Stephen D. Mull, formerly the U.S. Ambassador to Lithuania and now the Acting Assistant Secretary for Political Military Affairs at the State Department, testified last week at the House Foreign Affairs Subcommittee’s hearing on export control. Most of the testimony was a not very convincing effort to defend the long processing times for Technical Assistance Agreements at the State Department’s Directorate of Defense Trade Controls (“DDTC”). Mull repeatedly referred to the “complexities” of TAAs to justify these processing times.

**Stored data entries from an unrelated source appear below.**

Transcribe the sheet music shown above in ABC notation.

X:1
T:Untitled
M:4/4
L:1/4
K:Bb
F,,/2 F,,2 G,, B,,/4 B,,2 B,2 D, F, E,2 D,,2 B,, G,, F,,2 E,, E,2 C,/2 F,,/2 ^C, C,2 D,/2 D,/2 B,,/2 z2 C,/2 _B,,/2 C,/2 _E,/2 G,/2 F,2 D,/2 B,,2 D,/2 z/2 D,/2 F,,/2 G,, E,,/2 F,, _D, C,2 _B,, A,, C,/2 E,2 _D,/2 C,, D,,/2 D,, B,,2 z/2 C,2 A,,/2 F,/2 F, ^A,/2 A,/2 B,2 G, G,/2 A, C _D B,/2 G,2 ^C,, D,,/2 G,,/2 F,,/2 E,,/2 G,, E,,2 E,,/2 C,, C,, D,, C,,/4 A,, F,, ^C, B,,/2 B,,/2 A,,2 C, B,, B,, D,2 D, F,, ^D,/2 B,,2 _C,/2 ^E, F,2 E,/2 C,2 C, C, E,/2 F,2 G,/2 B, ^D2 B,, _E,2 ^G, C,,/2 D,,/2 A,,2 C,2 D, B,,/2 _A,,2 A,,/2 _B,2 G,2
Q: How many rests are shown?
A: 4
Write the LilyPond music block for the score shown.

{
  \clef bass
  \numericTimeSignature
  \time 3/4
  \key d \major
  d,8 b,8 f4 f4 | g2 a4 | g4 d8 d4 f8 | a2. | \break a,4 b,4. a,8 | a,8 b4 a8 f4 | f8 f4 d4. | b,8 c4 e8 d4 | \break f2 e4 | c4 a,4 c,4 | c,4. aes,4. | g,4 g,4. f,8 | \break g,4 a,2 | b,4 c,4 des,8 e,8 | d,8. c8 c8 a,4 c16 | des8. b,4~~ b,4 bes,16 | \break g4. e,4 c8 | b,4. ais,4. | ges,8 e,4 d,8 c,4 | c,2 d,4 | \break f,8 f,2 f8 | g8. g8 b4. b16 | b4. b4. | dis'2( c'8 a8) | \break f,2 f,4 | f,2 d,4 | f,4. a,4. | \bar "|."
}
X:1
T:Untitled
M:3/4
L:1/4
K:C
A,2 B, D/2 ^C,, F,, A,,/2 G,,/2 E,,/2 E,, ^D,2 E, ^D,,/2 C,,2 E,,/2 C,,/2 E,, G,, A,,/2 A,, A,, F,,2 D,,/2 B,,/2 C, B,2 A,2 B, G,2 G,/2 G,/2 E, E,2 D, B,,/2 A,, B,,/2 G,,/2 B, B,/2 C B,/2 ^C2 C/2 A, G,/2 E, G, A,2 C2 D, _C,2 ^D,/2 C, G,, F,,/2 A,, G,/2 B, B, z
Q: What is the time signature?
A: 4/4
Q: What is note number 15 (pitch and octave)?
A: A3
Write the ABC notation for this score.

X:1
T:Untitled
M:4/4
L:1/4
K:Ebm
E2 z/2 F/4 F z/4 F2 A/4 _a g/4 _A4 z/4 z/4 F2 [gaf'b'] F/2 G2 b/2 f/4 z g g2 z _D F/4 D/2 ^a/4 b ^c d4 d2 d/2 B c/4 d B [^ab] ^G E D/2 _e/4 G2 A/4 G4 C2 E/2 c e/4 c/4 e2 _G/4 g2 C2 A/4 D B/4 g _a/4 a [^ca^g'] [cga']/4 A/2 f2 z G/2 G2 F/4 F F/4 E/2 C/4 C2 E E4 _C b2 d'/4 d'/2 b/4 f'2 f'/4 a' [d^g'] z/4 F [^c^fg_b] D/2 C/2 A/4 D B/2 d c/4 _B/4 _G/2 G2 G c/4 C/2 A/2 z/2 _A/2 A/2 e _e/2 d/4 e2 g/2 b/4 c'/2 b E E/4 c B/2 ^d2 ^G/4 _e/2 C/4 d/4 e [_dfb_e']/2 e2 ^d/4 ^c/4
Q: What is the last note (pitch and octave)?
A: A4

Another part of his testimony, however, suggested a possible change in procedures relating to employment by defense contractors of foreign nationals from NATO, E.U and the “plus three” countries (i.e. Japan, Australia and New Zealand):
We are set to initiate a policy change that will permit employees of foreign companies who are nationals from NATO or EU countries, Japan, Australia and New Zealand to be considered authorized under an approved license or TAA. This will alleviate the need for companies to seek non-disclosure agreements for such nationals and recognizes the low risk to of transferring technologies to nationals of these countries under an approved license or TAA.
A welcome change to be sure, but if there is such a low risk of transferring non-classified defense technologies to such nationals, why not eliminate the requirement for a DSP-5 license application for them as well?